Here is where we see that the source of funds plays a larger role. We’ve found that if the funds come from a cash influx, investors can potentially regret a decision from this day forward. But when an investor decides to get back into stocks after a period of missing out on good returns, investor regret is compounded by the months or years of missed opportunity.
Investors Will Stick To Their Plan: In the models above, we also assumed that the investors would stay invested or diligently dollar cost average. They wouldn’t change their decision when the news turned bleak or their brother-in-law told them they made the wrong choice. We’ve read the research and seen it in person that this isn’t true (see the colored bars below.)
For the Lump Sum option to work, those assets need to stay invested over the course of time; which can be very challenging. But for the DCA method to even hope to keep up, the investor will need to have the courage and discipline to a) buy into a more expensive market as it goes up and b) buy into a scary market as it goes down.
It might seem unrealistic to show the impact of waiting 5 or 10 years to invest. Does anyone really plan on sitting out of the market that long? No, they don’t plan on it. They plan on sitting out until “the worst is over” or “we’ve reached a bottom.” They fail to remember what the headlines look like at the bottom or what uncertainty feels like while waiting for the next shoe to drop.
Exploring Alternate Realities
I earned a lot of “Dad points” recently when I told my 11-year-old daughter that I used an “Avengers: Endgame” analogy with a client couple. Just like the Ancient One explained to Hulk/Banner, whenever we make a financial decision, we’re choosing to go down a certain path. But we’re also choosing to close the door on a number of other “alternate realities.”
For the person deciding between lump sum investing (“today”) or dollar cost averaging (“tomorrow, next month, next year, etc”), they have to reconcile the math and the emotion of their choice with the probability that they will stick to the plan. So whenever we are processing a choice with clients, we intently ask and attempt to answer the question for each option: “When are we going to kick ourselves?” or in my Avenger’s language, “Which alternate realities are we going to choose not to live in?”

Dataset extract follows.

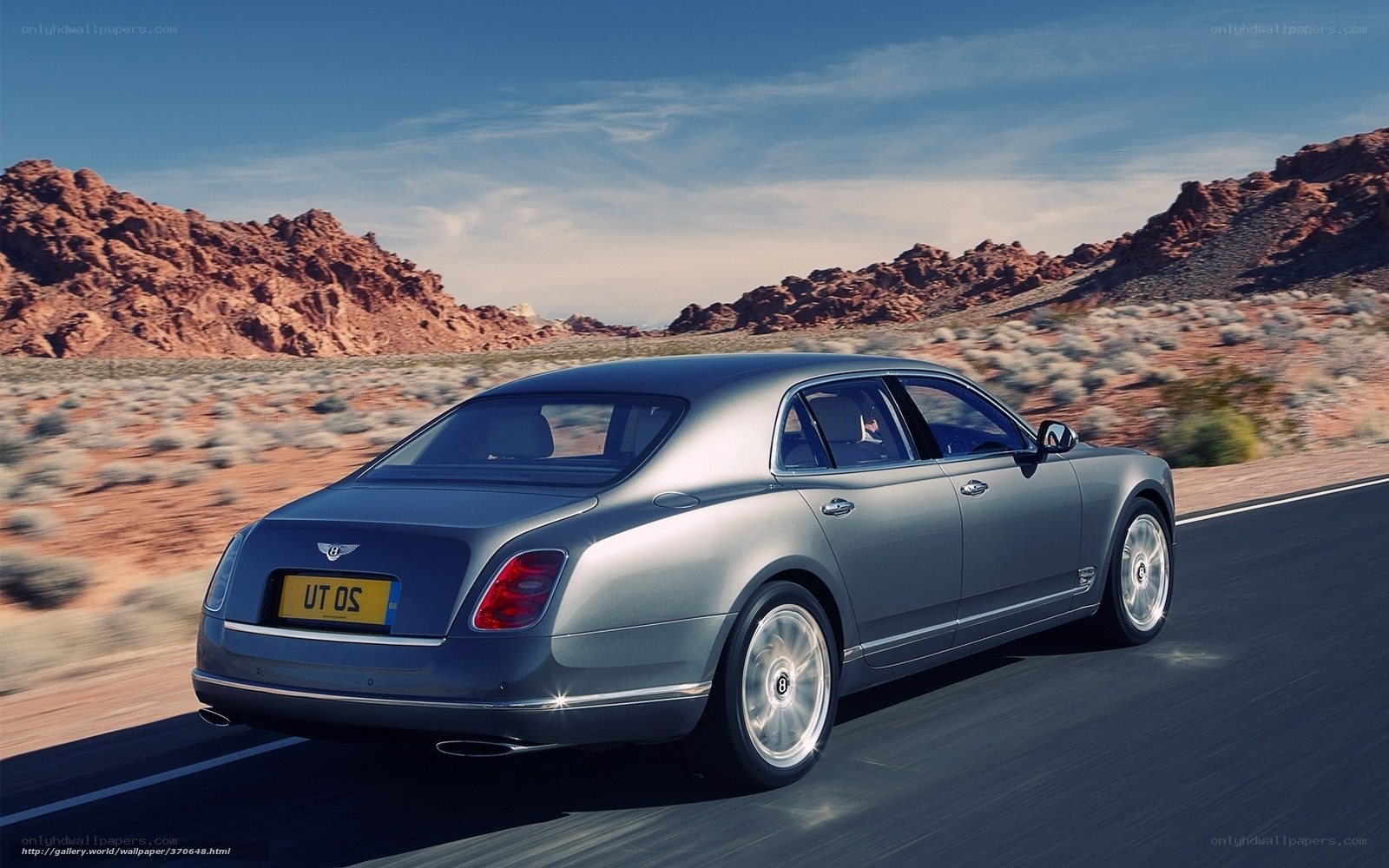 Bentley driving in desert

As we’ve seen from the math above, there aren’t many people who could convince us that the math says they should dollar cost average into stocks over long periods of time. But if someone can afford to miss out on some higher investment returns AND has a compelling reason why that choice would be emotionally/behaviorally helpful to them, then it might be the best possible plan for them. It comes down to being informed about the possible “alternate realities” and when an investor might kick themselves, before choosing a best path forward.